The Future Group, India’s leading retailer, through its various retail formats, including Big Bazar, is collaborating with USAID Commercial Horticulture and Agricultural Marketing Programme (CHAMP) to deliver mutual benefits to both the Indian consumers and Afghan horticultural producers.
This is a part of India’s ongoing effort to lift Afghanistan through increased trade, and is being rallied by businesses in India as well. The Indo-Afghan ties, spanning centuries, were fractured by strife and conflict in Afghanistan, once known in the region and across the globe as the Garden of Central Asia.
But now, Afghanistan is re-emerging, with concerted efforts and support through her friends, to re-introduce its fruits, nuts and spices in the Indian and international market.
With production rebounding in Afghanistan, the country, with over 3,00,000 farmers, is now ready and determined to share its historically -prized grapes, apples, pomegranates, apricots, nuts and saffron, so that Indians too can experience the joy and glory of nature’s best.
“Our agriculture export growth is likely to continue as South Asian economies expand and as Afghanistan’s trade environment continues to improve,” said Naseer Ahmad Durrani, minister of agriculture, irrigation and livestock, who launched the promotion of Afghan Shindolkhani grapes in Big Bazar GenNext store in Infinity Mall, Malad, Mumbai, recently.
“As Afghanistan re-emerges, overcoming her recent challenges, and begins to re-open its gardens of fruits, nuts and spices, unadulterated by heavy chemical use, India’s consumers stand to benefit from the all natural, pure, and tasty produce,“ he added.
“Given Afghanistan’s seasonal variations, India now has the opportunity to put Afghan’s freshest and finest fruits, nuts, and spices on the tables of Indian households, year round. Thanks to Big Bazar this dream is now becoming a reality,” he added.
“We are committed to source fresh produce from Indian farmers and producers. In addition, to augment the
domestic supply and provide customers with more choice during the non-season, we are happy to collaborate with Roots of Peace and USAID to introduce grapes from Afghanistan.
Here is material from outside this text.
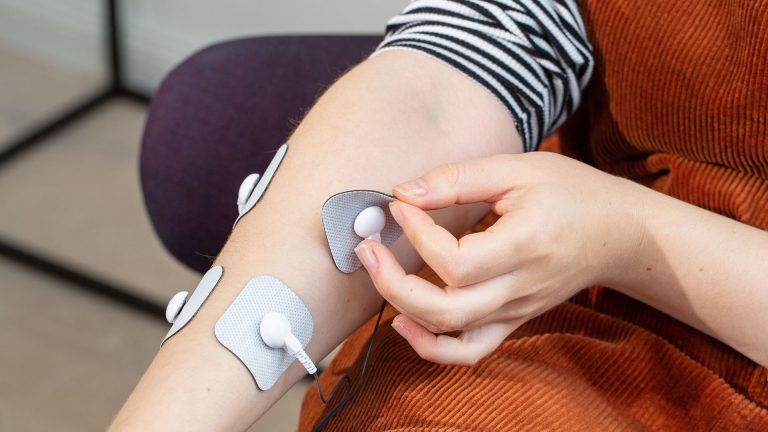 Beurer EM 49 Eine Person klebt die Elektroden eines TENS-Gerätes auf ihren Arm auf.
This will ensure our customers have more choice and get quality fresh produce through out the year,” said Gopal Bihani, head, Farm Fresh Business, Future Group.
Over 50 agriculture exporters from Afghanistan are currently visiting Mumbai to explore business tie ups as well as to showcase their finest high -value agriculture products, including fruits, nuts and spices, for the first time for Indian buyers from Maharashtra and neighbouring states at Passage to Prosperity: India-Afghanistan International Trade and Investment Show, a four-day event which is currently underway.
The USAID CHAMP began in 2010 to reduce poverty among rural Afghan farmers by helping them shift from relatively low-value subsistence crops, such as wheat and corn, to high-value perennial crops such as fruits and vegetables.
The programme has worked in half of the provinces of Afghanistan, establishing fruit orchards, providing training in best agricultural practices, building storage facilities such as cool rooms and raisin drying facilities, and helping grape farmers convert from traditional ground-based vineyards to higher-output trellis systems.
The CHAMP programme is being implemented by Roots of Peace, a humanitarian non-profit organisation.